Different "lifetime roles"

In the discussion about nested method calls (RFC 2025, and the discussions that led up to it), there were various proposals that were aimed at accepting the naive desugaring of a call like vec.push(vec.len()):

let tmp0 = &mut vec;
let tmp1 = vec.len(); // does a shared borrow of vec
Vec::push(tmp0, tmp1);

The alternatives to RFC 2025 were focused on augmenting the type of references to have distinct "roles" -- the most prominent such proposal was Ref2<'r, 'w>, in which mutable references change to have two distinct lifetimes, a "read" lifetime ('r) and a "write" lifetime ('w), where read encompasses the entire span of the reference, but write only contains those points where writes are occuring. This RFC does not attempt to change the approach to nested method calls, rather continuing with the RFC 2025 approach (which affects only the borrowck handling). However, if we did wish to adopt a Ref2-style approach in the future, it could be done backwards compatibly, but it would require modifying (for example) the liveness requirements. For example, currently, if a variable x is live at some point P, then all lifetimes in the type of x must contain P -- but in the Ref2 approach, only the read lifetime would have to contain P. This implies that lifetimes are treated differently depending on their "role". It seems like a good idea to isolate such a change into a distinct RFC.

Unresolved questions

None at present.

Appendix: What this proposal will not fix

It is worth discussing a few kinds of borrow check errors that the current RFC will not eliminate. These are generally errors that cross procedural boundaries in some form or another.

Closure desugaring. The first kind of error has to do with the closure desugaring. Right now, closures always capture local variables, even if the closure only uses some sub-path of the variable internally:

let get_len = || self.vec.len(); // borrows `self`, not `self.vec`
self.vec2.push(...); // error: self is borrowed

This was discussed on an internals thread. It is possible to fix this by making the closure desugaring smarter.

Disjoint fields across functions. Another kind of error is when you have one method that only uses a field a and another that only uses some field b; right now, you can't express that, and hence these two methods cannot be used "in parallel" with one another:

impl Foo {
    fn get_a(&self) -> &A { &self.a }
    fn inc_b(&mut self) { self.b.value += 1; }
    fn bar(&mut self) {
        let a = self.get_a();
        self.inc_b(); // Error: self is already borrowed
        use(a);
    }
}

The fix for this is to refactor so as to expose the fact that the methods operate on disjoint data. For example, one can factor out the methods into methods on the fields themselves:

fn bar(&mut self) {
    let a = self.a.get();
    self.b.inc();
    use(a);
}

This way, when looking at bar() alone, we see borrows of self.a and self.b, rather than two borrows of self. Another technique is to introduce "free functions" (e.g., get(&self.a) and inc(&mut self.b)) that expose more clearly which fields are operated upon, or to inline the method bodies.
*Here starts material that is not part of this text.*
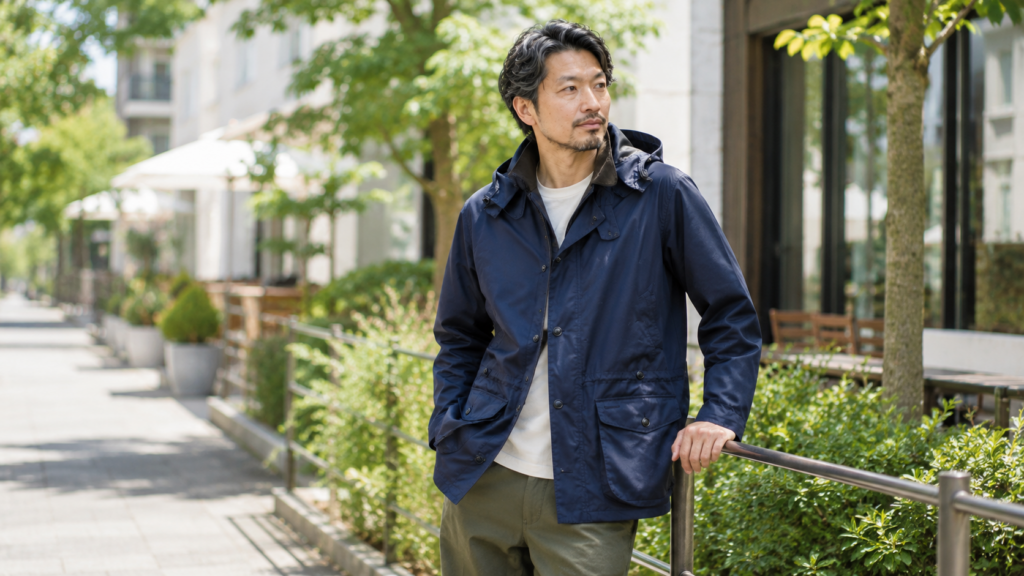 春夏らしい街並みを背景に、ネイビーのバブアージャケットを着た40代男性のコーディネート。爽やかな緑と自然光が映える大人のカジュアルスタイル。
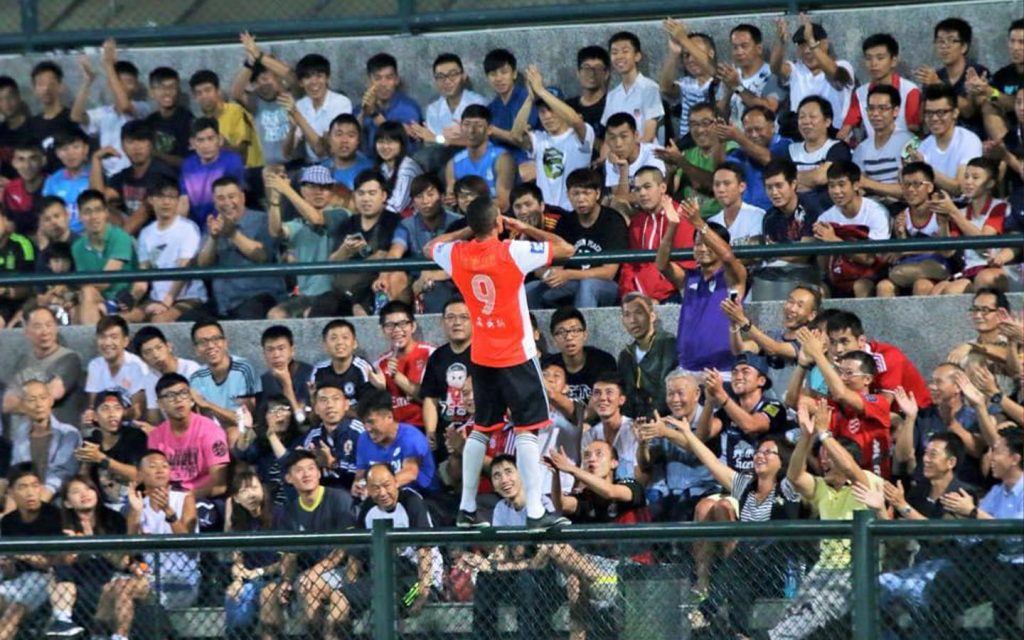 Gomes celebrating with fans after scoring the winner for Ka I against Benfica Macau in 2015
This is a non-trivial bit of design and is out of scope for this RFC. See this comment on an internals thread for further thoughts.

Self-referential structs. The final limitation we are not fixing yet is the inability to have "self-referential structs". That is, you cannot have a struct that stores, within itself, an arena and pointers into that arena, and then move that struct around. This comes up in a number of settings. There are various workarounds: sometimes you can use a vector with indices, for example, or the owning_ref crate. The latter, when combined with associated type constructors, might be an adequate solution for some uses cases, actually (it's basically a way of modeling "existential lifetimes" in library code). For the case of futures especially, the ?Move RFC proposes another lightweight and interesting approach.

Endnotes

1. Scopes always correspond to blocks with one exception: the scope of a temporary value is sometimes the enclosing statement.